João Naves de Melo - Membro da Comissão Mineira de Folclore
A lenda ou décima do Rio Abaixo - I
Assim como a lenda do Famaliá, do Caboclo d´Água, do Romãozinho, algumas ligadas às maquinações do demo para conquistar a alma do homem, tudo lhe dando em vida para arrastar a sua alma, depois, para as trevas, envolta de profundo mistério, antiga, mas pouco conhecida e envolvente, corre nas barrancas do rio São Francisco, guardada nos profundos recônditos da alma de amedrontados violeiros, a lenda ou décima do Rio Abaixo. Violeiros antigos e bons ponteadores conhecem o toque, mas não se atrevem executá-lo. Há sempre uma pronta e seca recusa.
A décima recolhida no município de São Francisco – MG, é cantada em dezesseis estrofes. Ela conta a história de um violeiro misterioso, executando uma música envolvente que seduzia mulheres. Uma canoa deslizando no São Francisco sem canoeiro de se ver – às vezes, melhor olhando, possível seria divisar um sinal de chapéu de abas bem largas.

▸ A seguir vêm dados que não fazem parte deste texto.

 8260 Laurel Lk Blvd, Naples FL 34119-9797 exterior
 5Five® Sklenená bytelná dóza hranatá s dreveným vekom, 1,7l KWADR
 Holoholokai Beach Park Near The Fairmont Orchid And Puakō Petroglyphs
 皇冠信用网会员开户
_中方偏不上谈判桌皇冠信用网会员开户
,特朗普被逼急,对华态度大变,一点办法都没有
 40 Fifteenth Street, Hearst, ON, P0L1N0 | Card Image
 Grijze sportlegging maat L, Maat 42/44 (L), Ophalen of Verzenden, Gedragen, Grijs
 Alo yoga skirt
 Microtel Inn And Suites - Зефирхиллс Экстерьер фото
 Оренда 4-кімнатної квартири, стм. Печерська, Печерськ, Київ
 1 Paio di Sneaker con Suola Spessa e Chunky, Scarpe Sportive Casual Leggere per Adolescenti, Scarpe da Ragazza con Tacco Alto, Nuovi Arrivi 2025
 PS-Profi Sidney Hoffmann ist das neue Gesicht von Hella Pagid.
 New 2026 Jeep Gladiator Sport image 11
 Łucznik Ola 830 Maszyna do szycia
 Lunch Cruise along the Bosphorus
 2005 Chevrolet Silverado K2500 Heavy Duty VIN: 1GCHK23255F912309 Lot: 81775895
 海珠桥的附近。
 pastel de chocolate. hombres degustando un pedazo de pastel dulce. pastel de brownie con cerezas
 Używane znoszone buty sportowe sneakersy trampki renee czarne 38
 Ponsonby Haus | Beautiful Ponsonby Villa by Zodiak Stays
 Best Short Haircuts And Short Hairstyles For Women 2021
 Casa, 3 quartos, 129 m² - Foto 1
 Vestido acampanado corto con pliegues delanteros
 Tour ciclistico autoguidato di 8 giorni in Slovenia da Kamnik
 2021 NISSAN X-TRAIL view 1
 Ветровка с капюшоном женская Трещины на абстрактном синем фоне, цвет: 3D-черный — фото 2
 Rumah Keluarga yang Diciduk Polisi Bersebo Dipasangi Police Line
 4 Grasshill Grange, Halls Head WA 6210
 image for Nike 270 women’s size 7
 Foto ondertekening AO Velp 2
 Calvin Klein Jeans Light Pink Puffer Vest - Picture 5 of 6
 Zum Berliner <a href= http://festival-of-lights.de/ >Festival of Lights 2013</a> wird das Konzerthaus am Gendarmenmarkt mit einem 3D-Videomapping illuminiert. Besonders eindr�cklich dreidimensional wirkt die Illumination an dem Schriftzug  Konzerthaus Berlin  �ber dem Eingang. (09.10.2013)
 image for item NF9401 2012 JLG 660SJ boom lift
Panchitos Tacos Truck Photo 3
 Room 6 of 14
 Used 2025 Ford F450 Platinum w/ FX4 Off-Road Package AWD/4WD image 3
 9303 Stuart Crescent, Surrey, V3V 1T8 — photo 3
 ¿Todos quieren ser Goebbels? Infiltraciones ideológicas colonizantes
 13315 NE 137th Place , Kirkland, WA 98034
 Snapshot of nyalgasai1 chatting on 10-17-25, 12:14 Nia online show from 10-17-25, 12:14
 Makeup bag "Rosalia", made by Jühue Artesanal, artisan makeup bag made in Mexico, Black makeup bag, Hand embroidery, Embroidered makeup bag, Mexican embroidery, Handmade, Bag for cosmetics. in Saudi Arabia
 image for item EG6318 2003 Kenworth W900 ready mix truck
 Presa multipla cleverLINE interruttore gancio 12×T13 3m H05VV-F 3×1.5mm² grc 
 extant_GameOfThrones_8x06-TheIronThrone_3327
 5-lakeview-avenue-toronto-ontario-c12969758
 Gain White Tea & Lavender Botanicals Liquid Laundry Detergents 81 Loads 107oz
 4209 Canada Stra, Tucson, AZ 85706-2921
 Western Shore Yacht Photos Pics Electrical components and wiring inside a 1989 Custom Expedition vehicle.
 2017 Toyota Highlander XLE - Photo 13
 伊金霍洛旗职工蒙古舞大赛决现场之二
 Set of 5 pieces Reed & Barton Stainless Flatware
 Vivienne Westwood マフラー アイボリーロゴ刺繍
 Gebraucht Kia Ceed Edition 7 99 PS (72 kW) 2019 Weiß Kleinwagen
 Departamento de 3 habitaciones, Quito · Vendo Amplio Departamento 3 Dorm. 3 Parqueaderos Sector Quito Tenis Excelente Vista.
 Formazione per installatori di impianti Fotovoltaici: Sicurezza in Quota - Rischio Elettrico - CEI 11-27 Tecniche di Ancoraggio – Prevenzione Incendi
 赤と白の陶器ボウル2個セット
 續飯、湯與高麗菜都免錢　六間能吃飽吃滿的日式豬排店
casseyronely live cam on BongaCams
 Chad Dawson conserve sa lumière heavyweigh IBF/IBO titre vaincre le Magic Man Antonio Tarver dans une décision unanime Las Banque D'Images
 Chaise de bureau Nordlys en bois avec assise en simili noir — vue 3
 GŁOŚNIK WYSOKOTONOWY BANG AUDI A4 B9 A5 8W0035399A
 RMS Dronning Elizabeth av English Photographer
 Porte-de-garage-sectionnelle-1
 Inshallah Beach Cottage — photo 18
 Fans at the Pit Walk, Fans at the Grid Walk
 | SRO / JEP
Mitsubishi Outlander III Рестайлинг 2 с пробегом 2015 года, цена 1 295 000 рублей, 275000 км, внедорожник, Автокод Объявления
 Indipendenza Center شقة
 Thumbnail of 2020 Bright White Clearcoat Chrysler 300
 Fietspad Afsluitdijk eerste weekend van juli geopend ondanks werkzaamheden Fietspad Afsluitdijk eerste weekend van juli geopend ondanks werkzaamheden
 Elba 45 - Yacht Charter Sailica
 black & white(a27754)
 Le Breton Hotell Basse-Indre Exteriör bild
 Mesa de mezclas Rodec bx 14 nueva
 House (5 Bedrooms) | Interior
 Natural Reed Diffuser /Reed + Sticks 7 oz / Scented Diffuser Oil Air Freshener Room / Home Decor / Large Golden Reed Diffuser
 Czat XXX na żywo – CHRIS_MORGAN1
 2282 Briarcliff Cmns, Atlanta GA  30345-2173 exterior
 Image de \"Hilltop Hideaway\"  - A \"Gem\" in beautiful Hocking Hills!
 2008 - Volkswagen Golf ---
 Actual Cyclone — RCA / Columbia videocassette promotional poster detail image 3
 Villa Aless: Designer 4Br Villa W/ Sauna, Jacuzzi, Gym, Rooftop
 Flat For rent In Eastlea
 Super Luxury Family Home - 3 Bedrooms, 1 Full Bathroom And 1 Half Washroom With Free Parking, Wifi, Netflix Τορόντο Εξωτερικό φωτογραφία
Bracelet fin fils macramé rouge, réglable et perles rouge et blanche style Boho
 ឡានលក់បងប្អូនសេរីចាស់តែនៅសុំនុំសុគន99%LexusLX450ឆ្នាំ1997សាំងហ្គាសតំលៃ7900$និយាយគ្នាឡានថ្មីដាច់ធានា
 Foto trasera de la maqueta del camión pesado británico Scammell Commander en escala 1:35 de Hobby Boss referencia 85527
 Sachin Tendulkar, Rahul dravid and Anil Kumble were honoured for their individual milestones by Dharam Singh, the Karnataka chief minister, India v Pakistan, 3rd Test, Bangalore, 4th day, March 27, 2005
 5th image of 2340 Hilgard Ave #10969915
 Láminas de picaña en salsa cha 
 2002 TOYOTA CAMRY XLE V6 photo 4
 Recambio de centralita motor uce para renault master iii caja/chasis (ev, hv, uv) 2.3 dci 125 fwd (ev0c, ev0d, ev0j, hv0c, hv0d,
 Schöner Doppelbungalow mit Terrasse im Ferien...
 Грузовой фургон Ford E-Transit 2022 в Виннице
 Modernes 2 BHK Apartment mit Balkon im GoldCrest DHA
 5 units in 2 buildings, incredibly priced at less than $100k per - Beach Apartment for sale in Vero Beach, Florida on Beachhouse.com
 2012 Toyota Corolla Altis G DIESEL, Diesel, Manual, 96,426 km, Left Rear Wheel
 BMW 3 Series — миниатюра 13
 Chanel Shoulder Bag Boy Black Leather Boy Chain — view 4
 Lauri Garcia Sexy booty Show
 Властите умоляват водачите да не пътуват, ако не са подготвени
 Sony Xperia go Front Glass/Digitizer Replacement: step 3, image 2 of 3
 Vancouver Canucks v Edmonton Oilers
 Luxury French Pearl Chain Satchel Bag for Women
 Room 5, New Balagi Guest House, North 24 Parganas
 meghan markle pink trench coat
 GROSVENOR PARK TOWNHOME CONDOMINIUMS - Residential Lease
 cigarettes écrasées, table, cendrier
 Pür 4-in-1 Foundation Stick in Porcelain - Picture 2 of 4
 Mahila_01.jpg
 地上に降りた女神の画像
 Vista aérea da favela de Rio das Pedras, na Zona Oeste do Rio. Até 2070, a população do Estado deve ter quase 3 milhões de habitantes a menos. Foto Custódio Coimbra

O remo não era visto e a canoa descia como abandonada. Dela propagava um som melodioso de viola, alcançando as barrancas, onde se postavam mulheres no afazer de lavar roupa e vasilhame – somente elas, em especial. Encantadas elas pediam para o remeiro-tocador encostar a canoa no barranco, de onde era convidado para ir até ao rancho tomar café, abrindo caminho para outras coisas que ele queria, sempre tocando e tocando. O terceiro personagem da lenda é um menino que jamais era envolvido pela magia e, assim, sempre quebrava o encanto revelando o mistério: o pé do violeiro era redondo. Antes de se sucumbir ao encanto e entregar sua alma ao tinhoso, salva pela criança, a mulher punha-se a se benzer e começava as rezas do Credo de trás para frente, do Pai-Nosso e tantas outras, das mais fortes. Acuado o tinhoso corria para a canoa gritando: “S´imbora, Gaspar” e tocava a canoa rio abaixo: “Descendo o rio abaixo/ ê, numa canoa furada/ ê, descendo o rio abaixo/ (...) arriscano a minha vida/ ê, numa coisinha de nada..”
Curioso é o registro feito na décima, na parte declamada: o violeiro não fala qualquer palavra relacionada a Deus ou santos. Um diálogo estranho ocorria: - Bom dia, seu moço!. O siô foi Deus qui mandô – dizia a mulher. Não, dona, eu vim porque quis – replicava o violeiro. A viúva continuava sem perceber a aversão do violeiro ao nome da divindade: Nossa Senhora! O siô toca muito bonito. Ao que ele cortava seco: Senhora, eu toco. Ela continuava em seu encantamento: Esse homem é do céu. E ele, seco e direto: Não, eu sou de casa mesmo.